As organizations continue to adopt DevOps best practices, they’ve sought out ways to track and improve their software delivery efforts. This has led many DevOps teams to utilize a data-driven approach with metrics to measure performance and drive improvements. And these same metrics can also be useful for quality assurance and quality engineering teams.
In this post, we’ll take a deep dive into the four DORA metrics and why they matter for quality assurance and engineering teams. We’ll also discuss how these metrics can be used to drive improvements in manual and automated software testing.
The DevOps Research and Assessment (DORA) team at Google analyzed DevOps practices across many organizations and identified four key metrics for measuring software development and delivery performance. Here’s a breakdown of these metrics.
Deployment frequency measures how often new code is successfully deployed to a production environment. This metric helps organizations create an overall benchmark for development velocity.
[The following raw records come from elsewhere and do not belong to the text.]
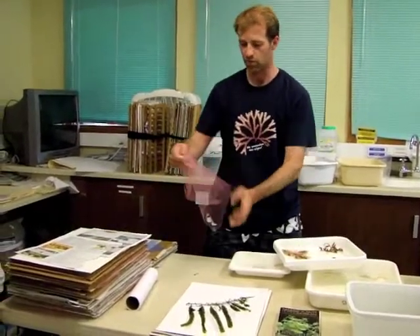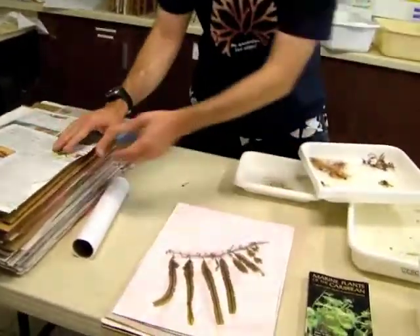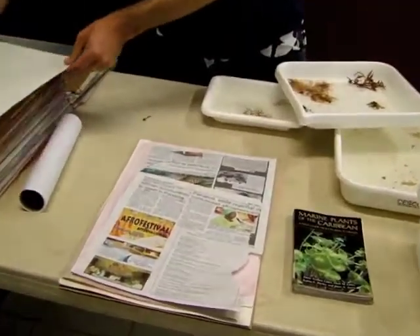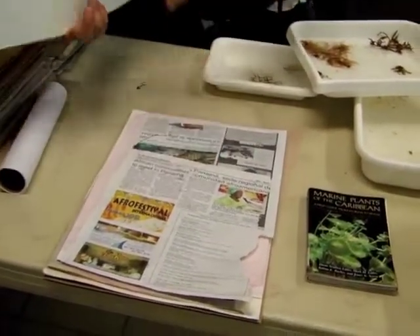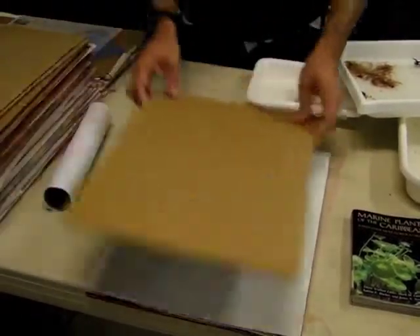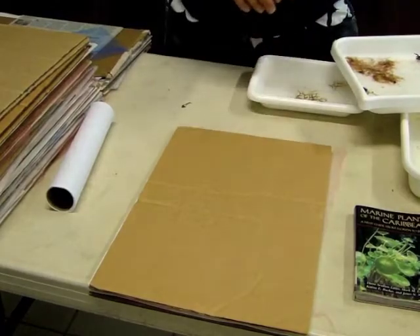To dry it, we put a piece of tulle on top — this is just to keep the specimen from sticking to the newspaper that we layer on top so that it can dry. Then we have newspaper, a little felt, and a piece of cardboard. We keep layering the specimens up, and ultimately we put them in front of a fan, or we just give them time to dry.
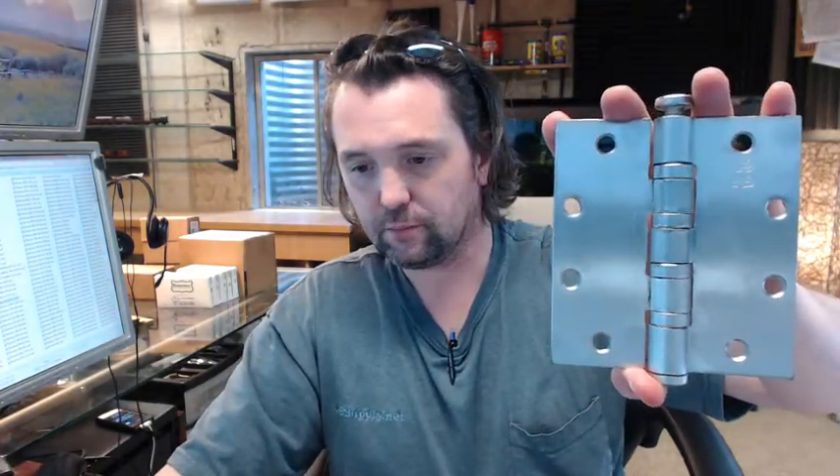There is a link below this video to the cut sheet, which shows everything important dimensionally about the hinge. If you have any questions on interpreting that, by all means let me know — reach out to us.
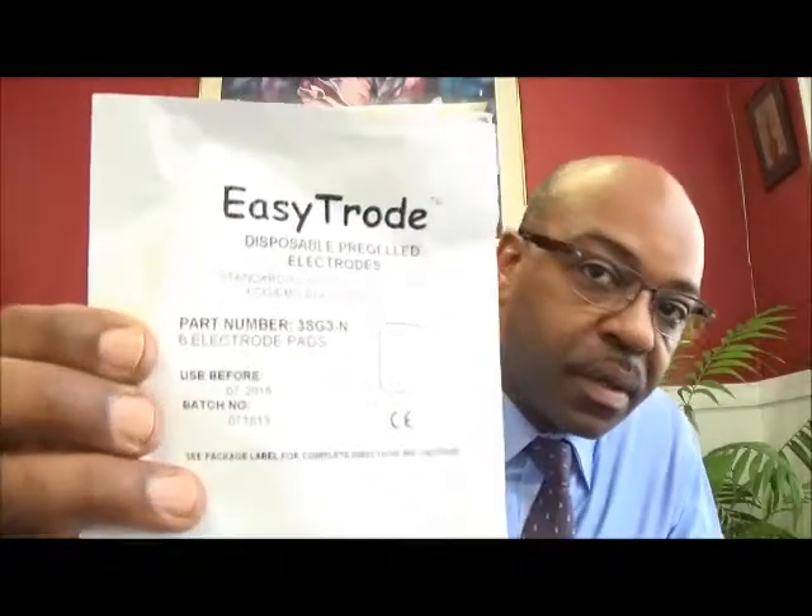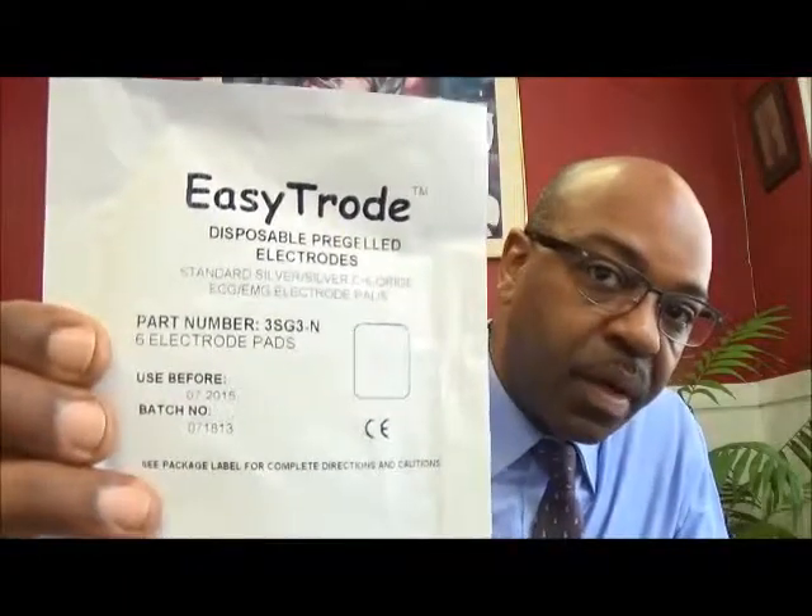Hello, this is Harry Campbell from Biofeedback Resources. I wanted to demonstrate a type of disposable EMG recording electrode. This is called the EasyTrode, part number 3SG3-N, and it's a disposable electrode.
If a company uses a lot of manual processes or has a slow error recovery time, they’ll likely have a low deployment frequency.
Lead time for changes is the time that it takes from an initial code commit to the code change being deployed. This is important for understanding whether there are any delays in development or throughout the continuous integration and continuous delivery (CI/CD) pipeline. For example, there could be a slow build process, time-consuming manual testing, and other inefficient processes that delay deployments.
Change failure rate is the percentage of code changes that break the system once deployed to production. This metric is the most obvious indicator of code quality, which helps organizations understand whether new releases are improving the user experience. Tracking the failure rate is important for balancing the need for quality with the previous two metrics that are focused on development speed.
Mean time to recovery is the average amount of time it takes for a system to become available again after an outage or failure. Although unplanned downtime is inevitable, a low mean time to recovery indicates that the organization is adequately prepared to restore the system in a timely manner.
The DORA metrics are important for quality assurance and engineering teams because they offer valuable insight into the entire software development life cycle, including manual or automated software testing processes. In many ways, putting a focus on the DORA metrics can help break down the barrier between development and testing teams, promoting collaboration, and leading to the delivery of high-quality software faster than before.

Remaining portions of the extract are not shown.